DATA =>
-- Opening Marker --

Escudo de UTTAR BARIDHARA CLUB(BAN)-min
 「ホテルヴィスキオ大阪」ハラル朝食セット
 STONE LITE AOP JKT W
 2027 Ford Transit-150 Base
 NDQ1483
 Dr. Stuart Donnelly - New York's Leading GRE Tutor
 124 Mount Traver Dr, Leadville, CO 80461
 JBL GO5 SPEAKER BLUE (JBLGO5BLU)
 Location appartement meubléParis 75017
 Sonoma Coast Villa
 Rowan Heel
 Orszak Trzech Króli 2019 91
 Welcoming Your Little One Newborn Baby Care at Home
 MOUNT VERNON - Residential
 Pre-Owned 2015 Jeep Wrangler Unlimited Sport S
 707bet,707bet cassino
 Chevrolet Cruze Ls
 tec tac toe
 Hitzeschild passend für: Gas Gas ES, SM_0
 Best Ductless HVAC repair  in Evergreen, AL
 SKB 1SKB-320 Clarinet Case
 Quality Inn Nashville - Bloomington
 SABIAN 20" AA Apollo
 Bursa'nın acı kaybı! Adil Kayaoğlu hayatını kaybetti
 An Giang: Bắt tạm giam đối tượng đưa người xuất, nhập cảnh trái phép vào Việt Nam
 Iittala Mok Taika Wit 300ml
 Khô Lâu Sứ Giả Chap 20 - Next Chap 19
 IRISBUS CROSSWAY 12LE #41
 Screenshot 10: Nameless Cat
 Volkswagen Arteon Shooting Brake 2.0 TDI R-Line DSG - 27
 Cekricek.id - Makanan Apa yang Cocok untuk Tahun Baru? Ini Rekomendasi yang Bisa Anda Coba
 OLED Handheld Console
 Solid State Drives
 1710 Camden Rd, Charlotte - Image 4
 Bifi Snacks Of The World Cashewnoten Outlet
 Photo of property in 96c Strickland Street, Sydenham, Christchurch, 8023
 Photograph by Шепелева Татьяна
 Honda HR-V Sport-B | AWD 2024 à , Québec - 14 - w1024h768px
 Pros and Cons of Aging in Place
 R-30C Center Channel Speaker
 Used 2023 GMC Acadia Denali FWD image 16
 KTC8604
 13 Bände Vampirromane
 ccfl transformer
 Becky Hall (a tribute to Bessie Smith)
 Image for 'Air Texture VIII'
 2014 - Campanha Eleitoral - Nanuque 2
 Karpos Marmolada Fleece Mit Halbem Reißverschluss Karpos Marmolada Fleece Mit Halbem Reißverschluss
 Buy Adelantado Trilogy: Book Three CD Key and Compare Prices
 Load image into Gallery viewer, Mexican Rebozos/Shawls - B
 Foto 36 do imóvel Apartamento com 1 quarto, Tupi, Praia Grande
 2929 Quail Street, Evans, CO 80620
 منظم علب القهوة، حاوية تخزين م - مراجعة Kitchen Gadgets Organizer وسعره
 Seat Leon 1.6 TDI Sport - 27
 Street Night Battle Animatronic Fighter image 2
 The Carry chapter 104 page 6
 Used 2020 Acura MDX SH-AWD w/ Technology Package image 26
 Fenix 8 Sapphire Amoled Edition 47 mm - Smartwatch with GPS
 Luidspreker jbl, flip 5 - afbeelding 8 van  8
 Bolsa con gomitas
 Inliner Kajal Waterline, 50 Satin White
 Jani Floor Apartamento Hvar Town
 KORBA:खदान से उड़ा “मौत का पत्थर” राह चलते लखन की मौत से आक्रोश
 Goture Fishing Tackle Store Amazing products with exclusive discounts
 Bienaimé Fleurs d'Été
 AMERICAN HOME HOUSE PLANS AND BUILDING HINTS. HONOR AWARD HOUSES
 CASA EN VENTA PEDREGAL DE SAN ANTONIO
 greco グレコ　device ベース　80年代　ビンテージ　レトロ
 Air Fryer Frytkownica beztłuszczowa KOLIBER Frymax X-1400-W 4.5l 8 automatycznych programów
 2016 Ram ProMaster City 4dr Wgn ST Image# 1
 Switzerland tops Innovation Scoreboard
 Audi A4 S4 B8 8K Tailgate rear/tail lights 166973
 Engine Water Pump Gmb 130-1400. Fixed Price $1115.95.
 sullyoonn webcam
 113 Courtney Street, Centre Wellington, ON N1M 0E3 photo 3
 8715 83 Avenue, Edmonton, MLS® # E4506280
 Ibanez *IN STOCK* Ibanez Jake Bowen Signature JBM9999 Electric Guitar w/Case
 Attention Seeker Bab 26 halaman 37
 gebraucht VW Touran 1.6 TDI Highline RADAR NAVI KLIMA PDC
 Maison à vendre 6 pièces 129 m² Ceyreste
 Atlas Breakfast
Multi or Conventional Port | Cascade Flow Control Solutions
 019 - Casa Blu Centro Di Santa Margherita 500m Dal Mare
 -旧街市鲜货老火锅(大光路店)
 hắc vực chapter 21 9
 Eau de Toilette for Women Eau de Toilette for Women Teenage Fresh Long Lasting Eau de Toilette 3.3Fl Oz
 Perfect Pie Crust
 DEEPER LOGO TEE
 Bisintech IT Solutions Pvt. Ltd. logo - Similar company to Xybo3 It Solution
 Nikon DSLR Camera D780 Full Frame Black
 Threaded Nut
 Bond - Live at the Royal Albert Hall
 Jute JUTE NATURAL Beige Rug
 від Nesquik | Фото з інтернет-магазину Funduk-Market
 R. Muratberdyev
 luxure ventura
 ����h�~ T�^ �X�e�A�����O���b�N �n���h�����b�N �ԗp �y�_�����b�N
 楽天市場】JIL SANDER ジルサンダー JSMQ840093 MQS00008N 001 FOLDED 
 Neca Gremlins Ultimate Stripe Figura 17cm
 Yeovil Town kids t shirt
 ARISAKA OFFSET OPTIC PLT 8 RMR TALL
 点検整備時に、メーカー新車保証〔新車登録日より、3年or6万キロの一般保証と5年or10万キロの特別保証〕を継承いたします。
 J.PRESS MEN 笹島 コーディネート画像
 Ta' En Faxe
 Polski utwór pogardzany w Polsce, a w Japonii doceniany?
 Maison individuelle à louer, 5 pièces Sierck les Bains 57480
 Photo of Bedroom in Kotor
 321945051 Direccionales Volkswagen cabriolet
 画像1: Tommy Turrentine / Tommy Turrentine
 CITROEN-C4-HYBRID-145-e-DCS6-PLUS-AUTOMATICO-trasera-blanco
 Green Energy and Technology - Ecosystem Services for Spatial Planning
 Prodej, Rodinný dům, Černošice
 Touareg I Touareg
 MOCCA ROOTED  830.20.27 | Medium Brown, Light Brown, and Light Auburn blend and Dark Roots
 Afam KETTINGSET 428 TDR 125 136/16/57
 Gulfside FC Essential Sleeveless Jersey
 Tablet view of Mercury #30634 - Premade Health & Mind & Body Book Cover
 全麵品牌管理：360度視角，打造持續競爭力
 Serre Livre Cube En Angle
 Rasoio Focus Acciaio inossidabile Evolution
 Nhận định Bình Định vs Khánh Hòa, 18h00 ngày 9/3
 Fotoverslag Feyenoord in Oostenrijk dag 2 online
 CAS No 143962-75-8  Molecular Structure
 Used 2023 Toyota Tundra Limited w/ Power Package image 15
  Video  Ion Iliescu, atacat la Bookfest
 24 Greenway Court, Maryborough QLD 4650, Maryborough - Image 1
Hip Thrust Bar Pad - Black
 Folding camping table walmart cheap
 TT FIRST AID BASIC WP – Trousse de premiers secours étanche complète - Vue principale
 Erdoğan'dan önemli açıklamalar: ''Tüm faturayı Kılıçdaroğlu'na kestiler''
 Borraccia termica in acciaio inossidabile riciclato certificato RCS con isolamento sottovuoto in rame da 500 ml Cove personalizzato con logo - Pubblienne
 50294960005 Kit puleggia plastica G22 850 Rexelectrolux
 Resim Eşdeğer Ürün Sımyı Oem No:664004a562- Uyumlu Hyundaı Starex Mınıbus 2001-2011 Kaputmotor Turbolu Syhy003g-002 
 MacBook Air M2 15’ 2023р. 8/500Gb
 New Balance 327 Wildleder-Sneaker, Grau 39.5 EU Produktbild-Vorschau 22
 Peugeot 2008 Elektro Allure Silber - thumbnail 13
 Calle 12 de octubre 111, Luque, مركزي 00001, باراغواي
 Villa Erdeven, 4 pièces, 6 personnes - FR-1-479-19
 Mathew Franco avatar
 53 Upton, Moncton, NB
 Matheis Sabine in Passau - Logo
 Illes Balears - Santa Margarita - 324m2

-- Closing Marker --

WORK TASK => Determine how many lines of the listing above include the word "Sport", and report that number only.

RESPONSE FOR THIS EXERCISE => 3